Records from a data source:
#####
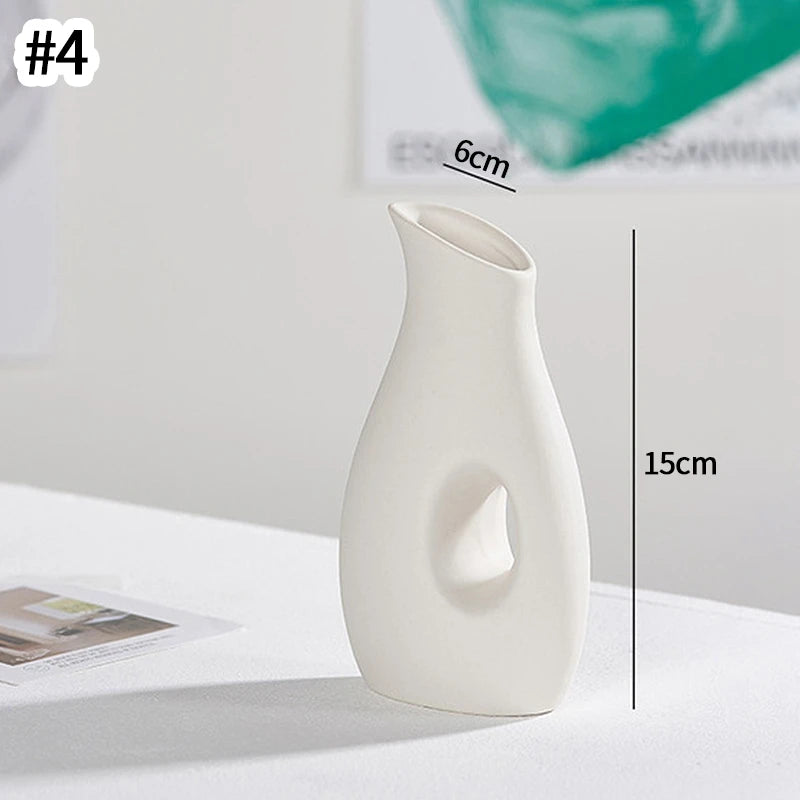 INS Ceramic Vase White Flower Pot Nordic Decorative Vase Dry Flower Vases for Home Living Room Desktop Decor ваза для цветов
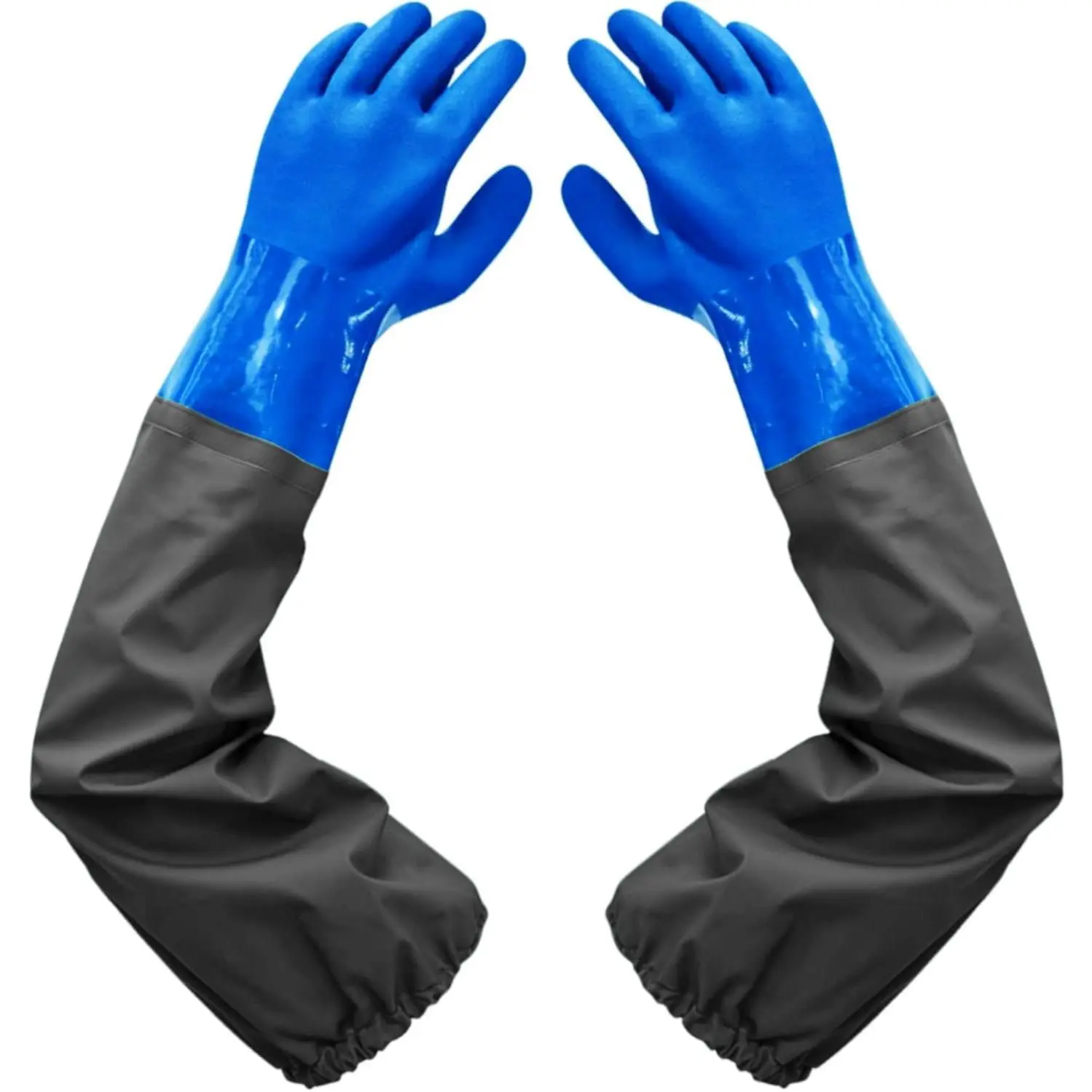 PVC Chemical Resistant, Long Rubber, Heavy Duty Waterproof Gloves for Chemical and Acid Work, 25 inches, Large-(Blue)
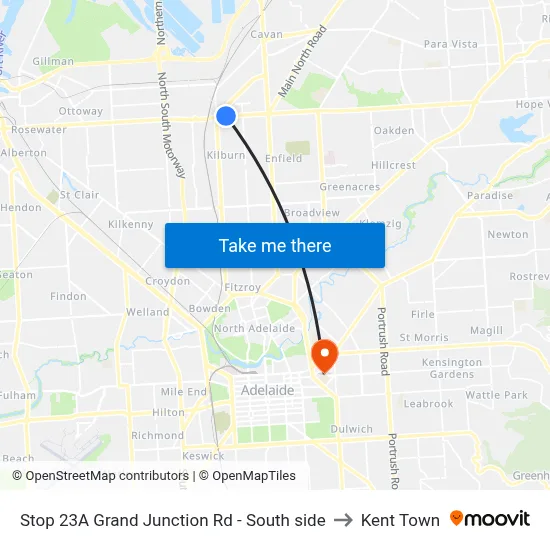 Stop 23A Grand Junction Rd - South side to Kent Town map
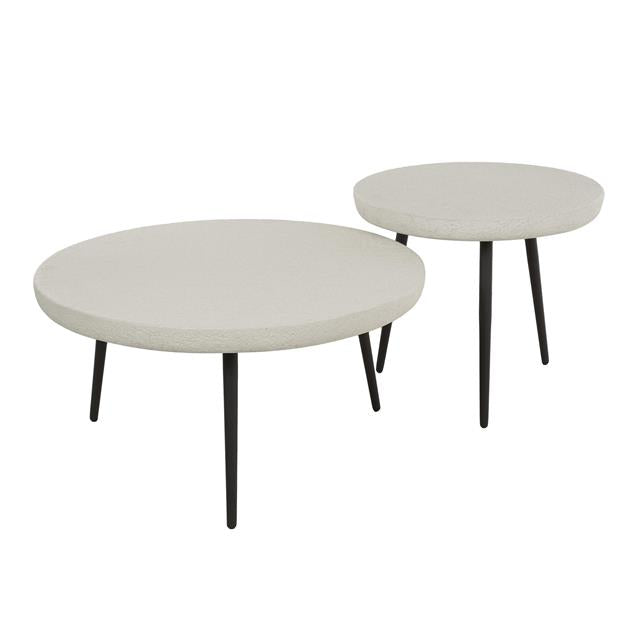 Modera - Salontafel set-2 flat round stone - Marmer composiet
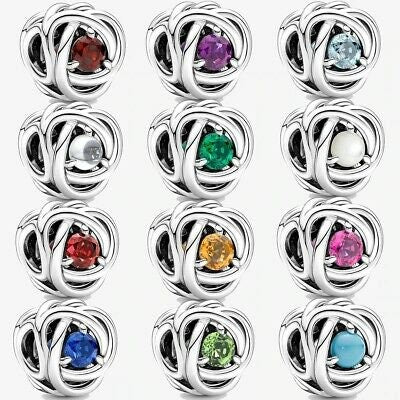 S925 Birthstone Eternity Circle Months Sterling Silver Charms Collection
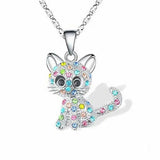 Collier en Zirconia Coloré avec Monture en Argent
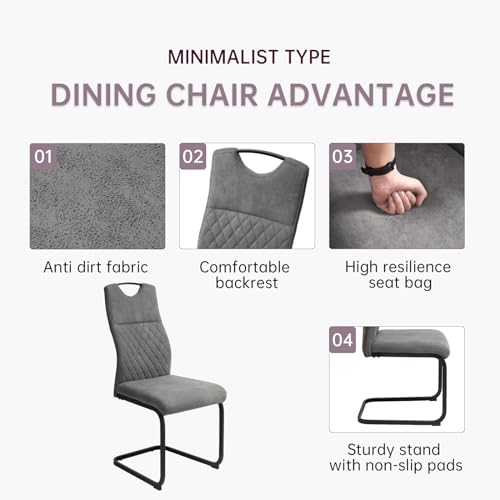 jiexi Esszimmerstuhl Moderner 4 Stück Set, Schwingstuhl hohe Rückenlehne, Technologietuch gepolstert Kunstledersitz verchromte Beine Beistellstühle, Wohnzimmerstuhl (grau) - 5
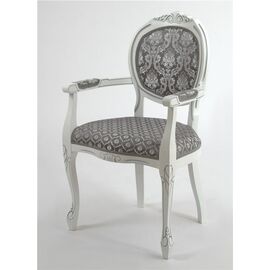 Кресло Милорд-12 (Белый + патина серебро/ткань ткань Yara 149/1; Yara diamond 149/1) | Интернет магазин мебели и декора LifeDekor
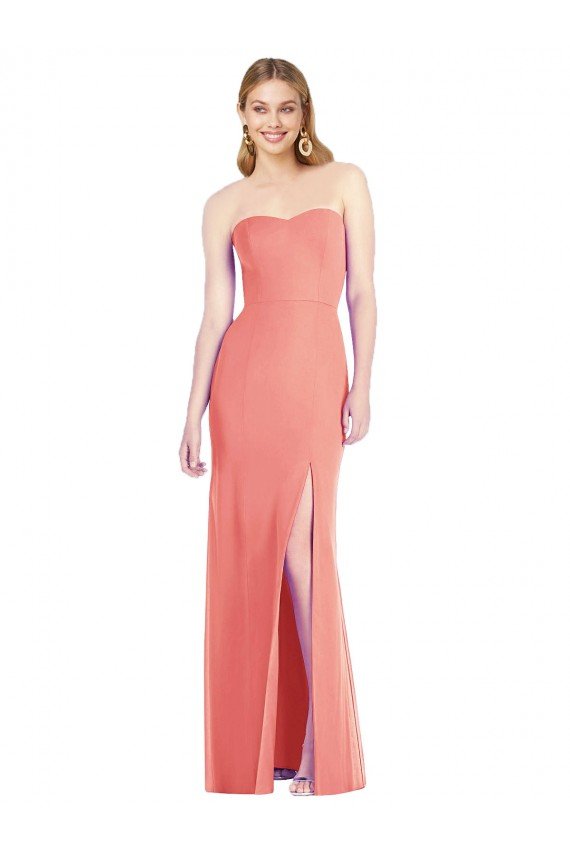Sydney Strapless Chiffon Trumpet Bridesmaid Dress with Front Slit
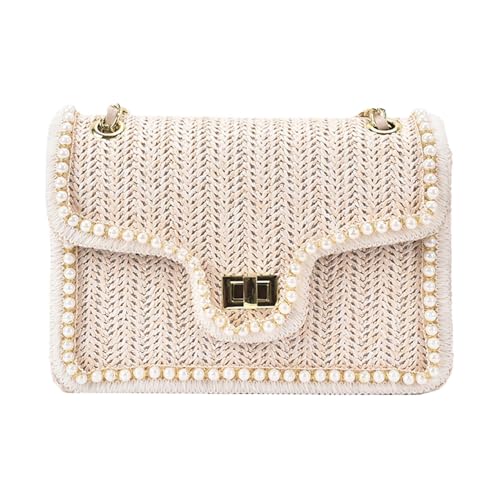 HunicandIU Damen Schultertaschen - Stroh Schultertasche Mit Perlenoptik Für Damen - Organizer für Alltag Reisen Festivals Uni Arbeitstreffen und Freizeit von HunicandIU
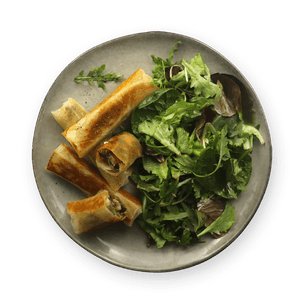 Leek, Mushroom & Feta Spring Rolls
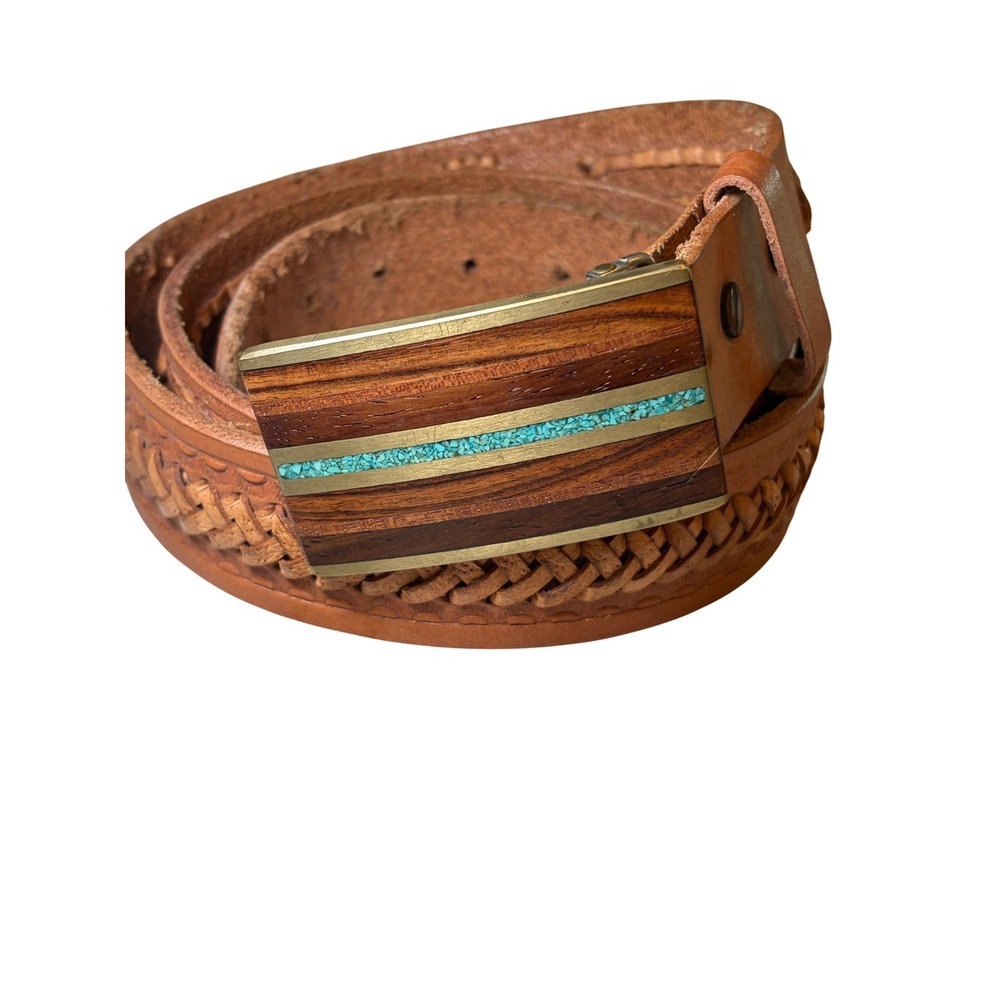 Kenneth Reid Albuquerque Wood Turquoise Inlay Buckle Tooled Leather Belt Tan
#####
Copy the records above from the first line through the line containing "Stop 23A Grand", both included, and leave out any pictures.

** EXPECTED ANSWER **
 INS Ceramic Vase White Flower Pot Nordic Decorative Vase Dry Flower Vases for Home Living Room Desktop Decor ваза для цветов
 PVC Chemical Resistant, Long Rubber, Heavy Duty Waterproof Gloves for Chemical and Acid Work, 25 inches, Large-(Blue)
 Stop 23A Grand Junction Rd - South side to Kent Town map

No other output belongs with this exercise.